И он оглядывается еще несколько раз, а мальчики и вовсе не смотрят. Все?

Все.

Все закончилось.

Стираю капельки крови, выступившие из ранок на ладонях, – так сжимала кулаки, а больно только теперь сделалось.

Больше нигде не больно.

Отмахивалась, дралась?

Да, пока за руки не схватили.

Но только не кричала. Застегиваю джинсы, поднимаюсь на три ступеньки, останавливаю себя, сейчас если выйду в коридор, кого встречу? Никого нет, они на процедурах.

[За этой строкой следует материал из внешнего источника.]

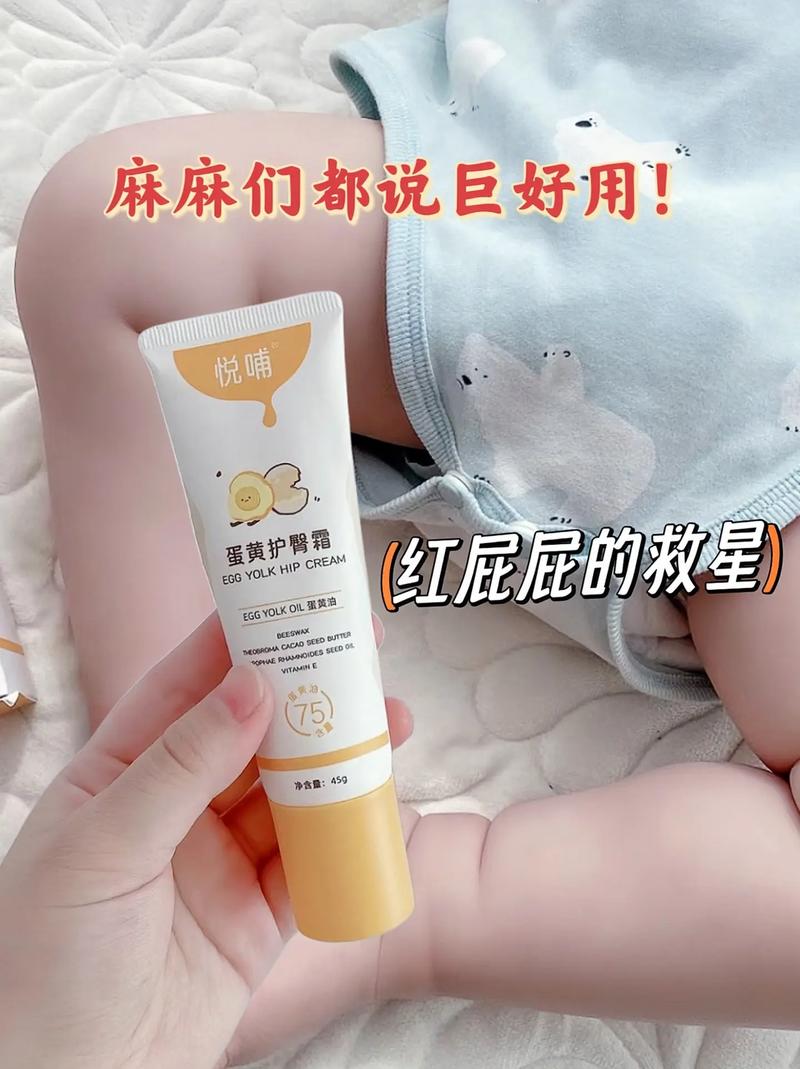 婴儿护臀膏：守护宝宝娇嫩屁屁的贴心卫士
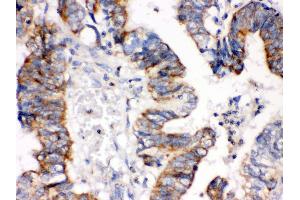 Anti- IGFBP3 Picoband antibody, IHC(P) IHC(P): Human Intestinal Cancer Tissue (IGFBP3 antibody  (C-Term))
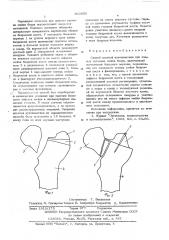 Способ костной аутопластики при ложных суставах шейки бедра (патент 563965)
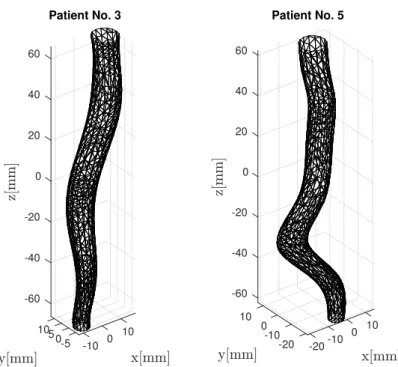 Figure 1: 3D mesh models of a non-branching vessel segments in the thoracic aorta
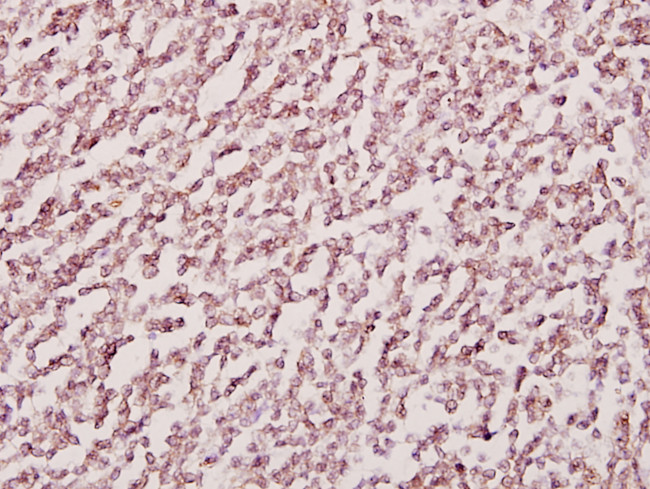 H-cadherin Antibody in Immunohistochemistry (Paraffin) (IHC (P))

Но когда выхожу, оказывается, что все закончилось, они ходят, болтают, сидят на диване в холле, а по телевизору показывают что-то без перевода, может быть, я просто сейчас никакого языка не понимаю, но нет, они нашли какой-то иностранный канал, сидят, радуются, а мне нужно кому-то рассказать, крикнуть:

А ВЫ ЗНАЕТЕ ЧТО СЕЙЧАС СО МНОЙ СЛУЧИЛОСЬ –

нет ничего вы не знаете и если крикну не обернетесь даже не обратите внимание на расхристанный вид спутанные волосы а еще что-то на щеке болит хотя не били нет Муха не бил пальцем не тронул чтобы потом ничего лишнего не сказала так что это получается – я самахотеласамахотеласама, а я ничего не хотела, только посидеть на подоконнике и дождаться Крота

Не хотела, чтобы сдергивали с подоконника, вообще не хотела, чтобы держали за руки.

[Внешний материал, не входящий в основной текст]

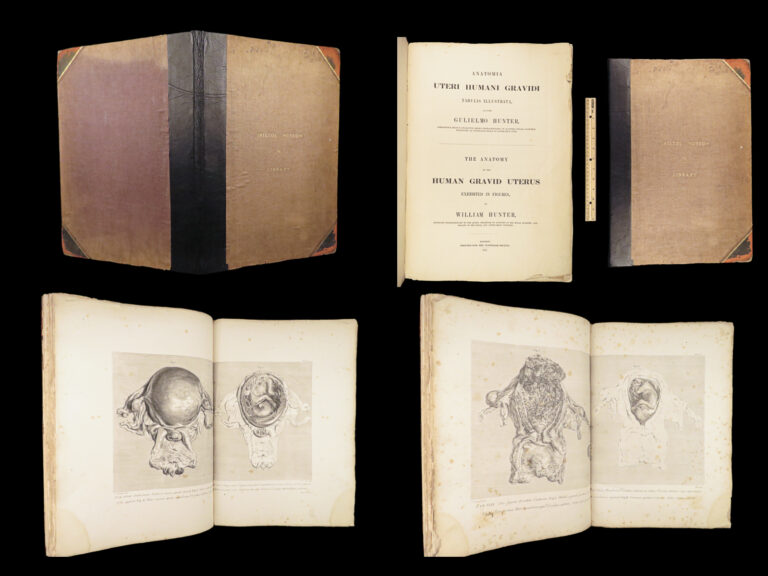 Image of 1851 Anatomy of Gravid Obstetrics OBGYN Medicine Atlas ENORMOUS FOLIO Hunter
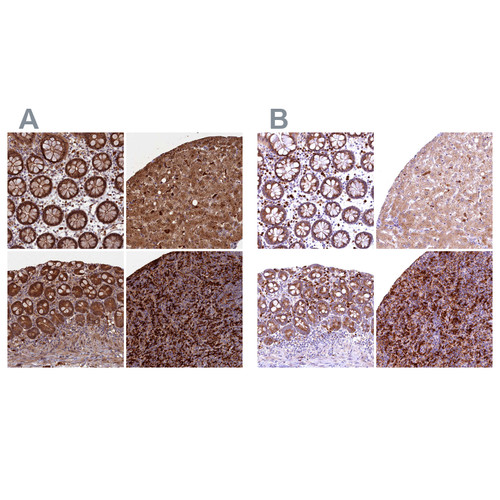 Immunohistochemical staining of human colon, liver, small intestine and spleen using Anti-BLVRB antibody HPA041698 (A) shows similar protein distribution across tissues to independent antibody HPA041937 (B).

В коридоре нет ребят, с которыми дружу, только идет Ник – один, он всегда без компании ходит, но когда нужно, вокруг собираются, но он скользит взглядом, удивленно, насмешливо, потому что я некрасивая иду, растрепанная, а на руке набухает кровоподтек, но ведь не видно же со стороны, что Степашка сжал слишком сильно.

Выпрямилась под взглядом, посмотрела в сторону.

Пусть думает, что я просто бегала, прикалывалась. Или упала, хотя смешного ничего.

И, только разминувшись с ним, почувствовала, что Ник в какую-то секунду улыбаться перестал – заметил? – и хотел что-то спросить, но я уже не смотрела, так и разошлись. Вдруг мучительно захотелось, чтобы он остановился, спросил, все ли в порядке, потому что он из тех, кто знает про мой порок сердца, и вообще Ленка, кажется, думает, что он все умеет и знает, надеется на него. Так как же может не остановиться? А вот так. Никто тебя не пожалеет, потому что сама не кричала.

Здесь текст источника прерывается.